### Data to process:

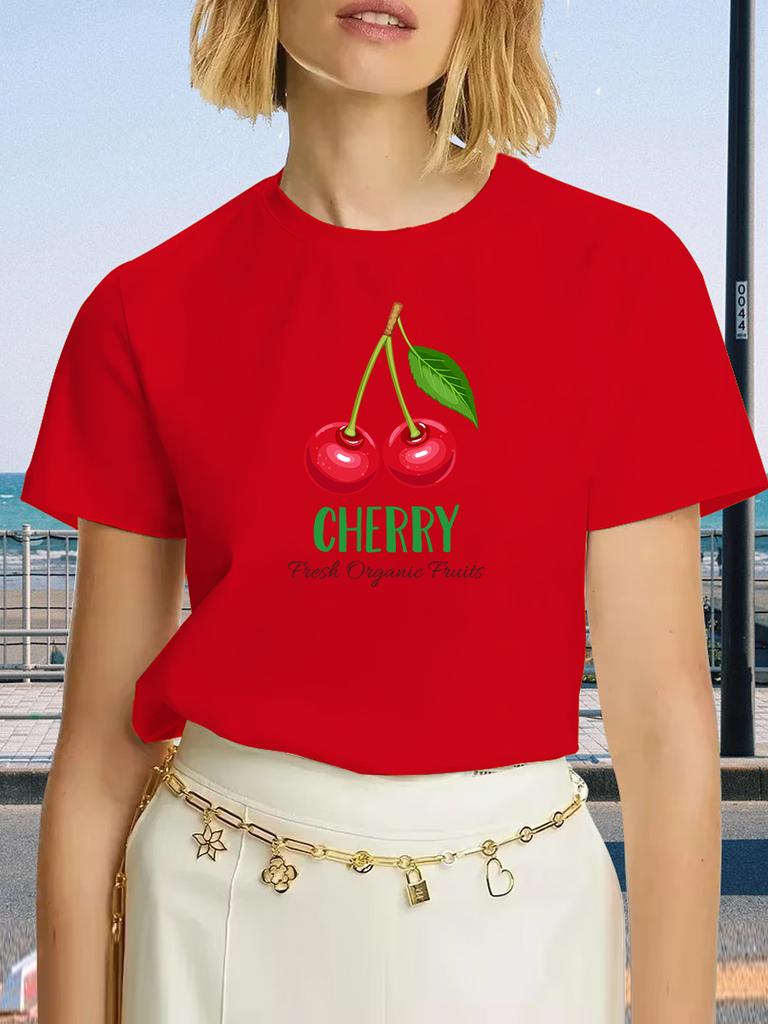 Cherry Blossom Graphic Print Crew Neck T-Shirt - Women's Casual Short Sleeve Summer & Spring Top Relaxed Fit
---
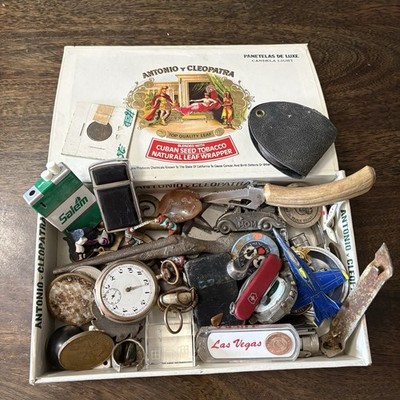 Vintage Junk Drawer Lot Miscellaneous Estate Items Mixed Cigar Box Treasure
==
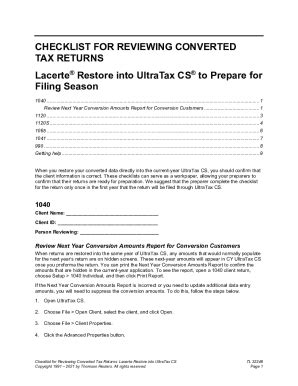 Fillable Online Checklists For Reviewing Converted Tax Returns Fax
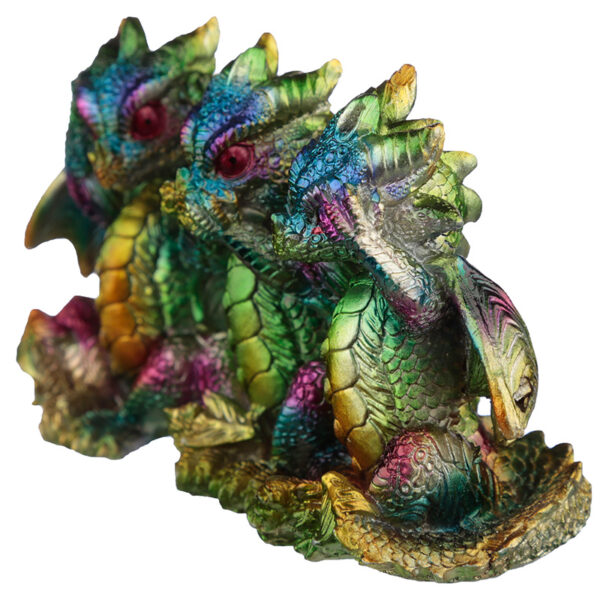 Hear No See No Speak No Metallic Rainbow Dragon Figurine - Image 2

### Required work:
Start with the line above containing "Fillable Online Checklists" and end with the line containing "Hear No See". Set down that stretch exactly, without any pictures.

### Solution to this task:
 Fillable Online Checklists For Reviewing Converted Tax Returns Fax
 Hear No See No Speak No Metallic Rainbow Dragon Figurine - Image 2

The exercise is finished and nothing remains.